Question about law of large numbers derivation

Question

I am struggling with a small part of the proof of the law of large numbers.

I understand from Markov's inequality: $$P(X\ge t) \le \frac{E(X)}{t} $$ and therefore if $ X = (\bar{Y} - E(Y))^2$

$$P(|\bar{Y} - E(Y)|\ge t) \le \frac{\sigma^2}{nt^2} $$

However, what i don't quite understand is what happens when we switch the inequality on the left from $\ge t$ to $\le t$.

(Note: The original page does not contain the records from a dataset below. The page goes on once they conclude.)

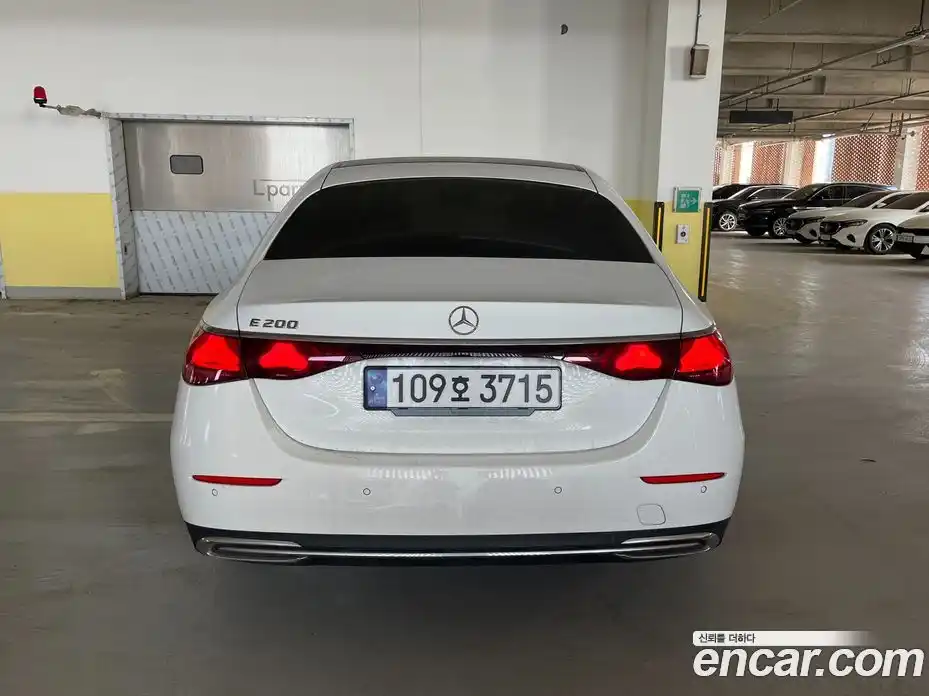 Mercedes-Benz E-Class 2024 2.0 Автомат в Москве № 763970, фото 4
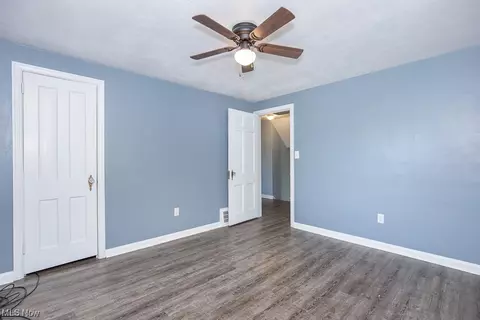 175 Seneca St, Elyria, OH 44035 photo 17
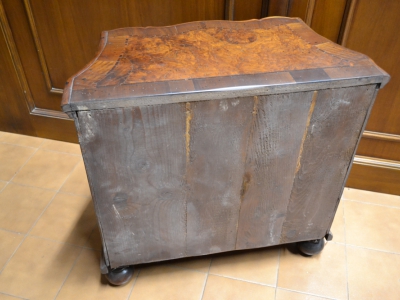 Coppia di comodini con frontale sagomato costruiti  in legno di  radica di castagno e gambe a cipolla ART COM 59 - foto 3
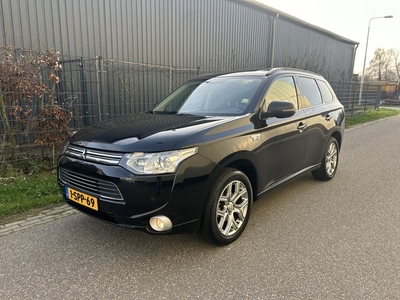 Mitsubishi Outlander 2.0 PHEV Instyle / AUTOMAAT / LEER /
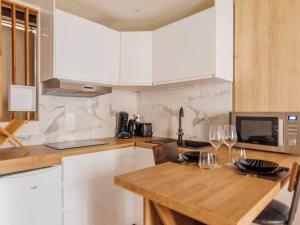 Cozy studio- Mouffetard Jardin du Luxembourg- Mobility Lease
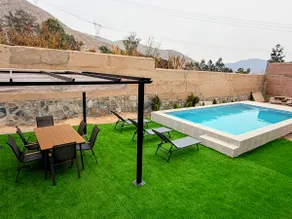 Country house with large garden and swimming pool - Image 2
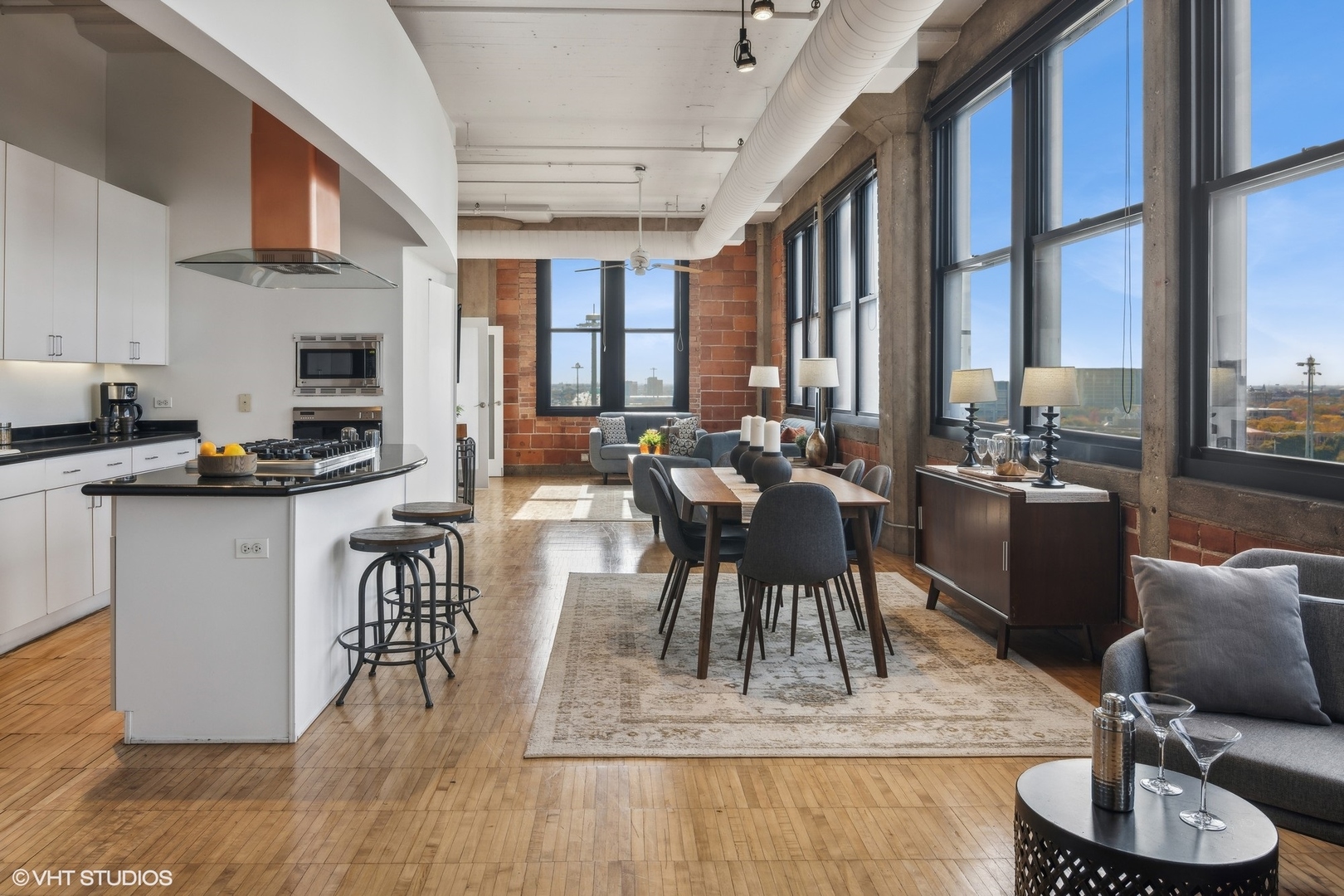 728 W Jackson Boulevard Unit: 1007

I understand the fact that if $P(X>t)=c$ then $P(X<t)=1-c$, however I am finding it hard to think about why the correct answer is:

$$P(|\bar{Y} - E(Y)|\le t) \ge 1-\frac{\sigma^2}{nt^2} $$

and not:

$$P(|\bar{Y} - E(Y)|\le t) \le 1-\frac{\sigma^2}{nt^2} $$

Answer 1

So we know that:

$$P(|\bar{Y} - E(Y)|\ge t) = 1 - P(|\bar{Y} - E(Y)|\le t) $$

and from the question:

$$P(|\bar{Y} - E(Y)|\ge t) \le \frac{\sigma^2}{nt^2} $$

Therefore:

$$1 - P(|\bar{Y} - E(Y)|\le t) \le \frac{\sigma^2}{nt^2} $$

Equal to :

$$1 \le \frac{\sigma^2}{nt^2} + P(|\bar{Y} - E(Y)|\le t) $$ $$1 - \frac{\sigma^2}{nt^2} \le P(|\bar{Y} - E(Y)|\le t) $$

So as n approaches infinity:

$$1 \le P(|\bar{Y} - E(Y)|\le t) $$

Thanks to Michael for clearing up the problem in the comments.